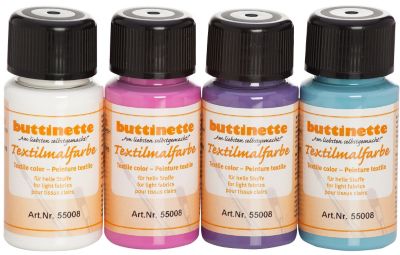 buttinette Peintures pour textiles tendance, 4x 50 ml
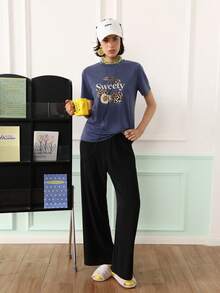 Chillnights Top de pijama de manga corta casual para uso diario en casa con estampado de letras & cerezas para mujer - Azul Marino - Ver 5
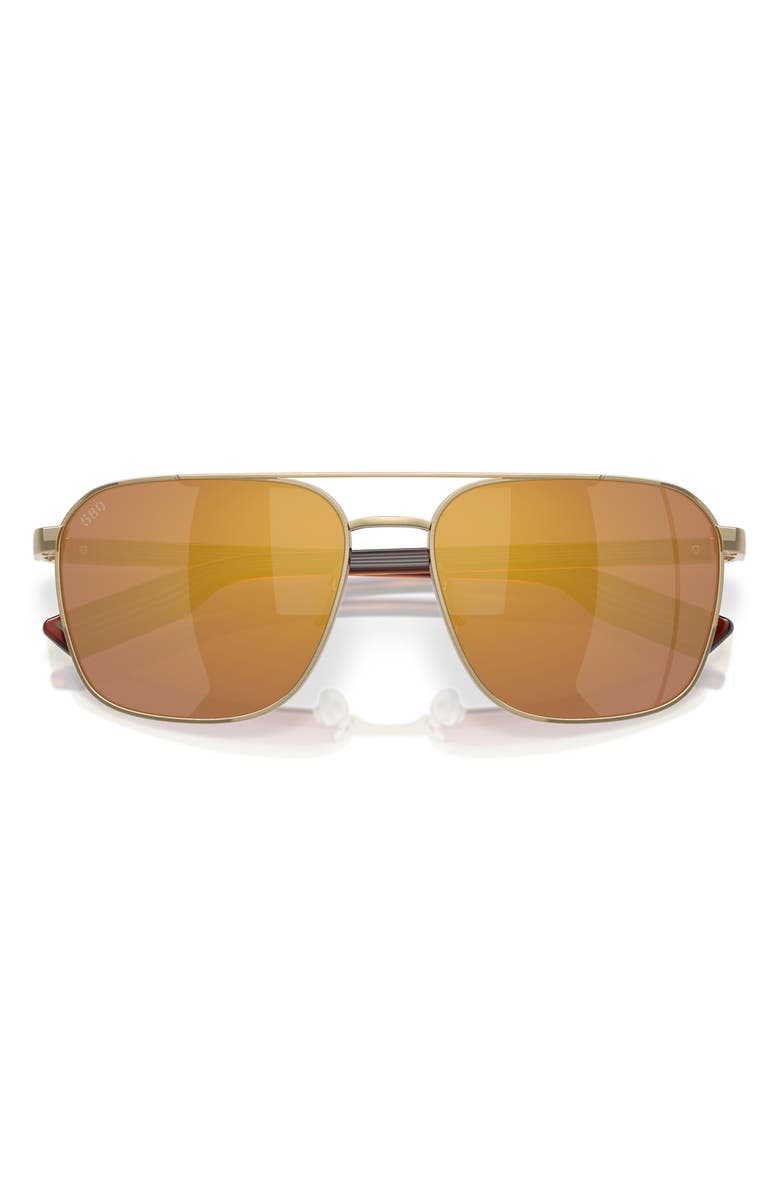 Costa Del Mar 58mm Polarized Mirrored Rectangular Sunglasses, Alternate, color, Gold/ Gold Mirror 580G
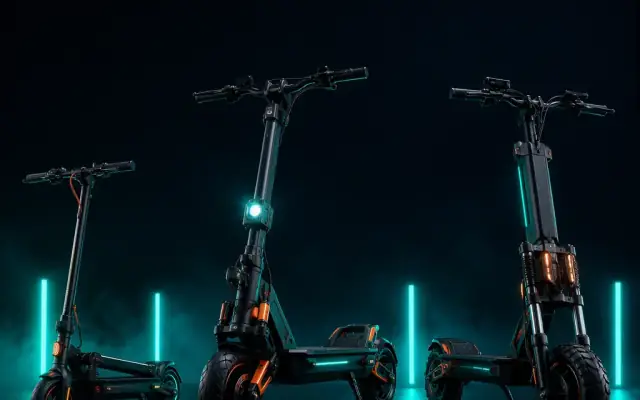 Three electric scooters — foldable, performance and off-road — in a dark showroom with teal rim lighting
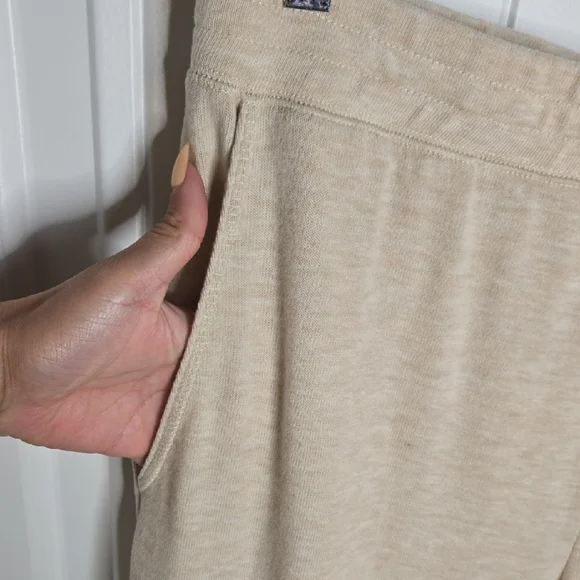 Soft & Cozy Loungewear Cream Heathered Wide Leg Pants with Elastic Waistband XL - Picture 3 of 5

◇ ◇ ◇

ACTIVITY
Output the data verbatim, images excluded.

SOLUTION FOR THIS EXERCISE
 buttinette Peintures pour textiles tendance, 4x 50 ml
 Chillnights Top de pijama de manga corta casual para uso diario en casa con estampado de letras & cerezas para mujer - Azul Marino - Ver 5
 Costa Del Mar 58mm Polarized Mirrored Rectangular Sunglasses, Alternate, color, Gold/ Gold Mirror 580G
 Three electric scooters — foldable, performance and off-road — in a dark showroom with teal rim lighting
 Soft & Cozy Loungewear Cream Heathered Wide Leg Pants with Elastic Waistband XL - Picture 3 of 5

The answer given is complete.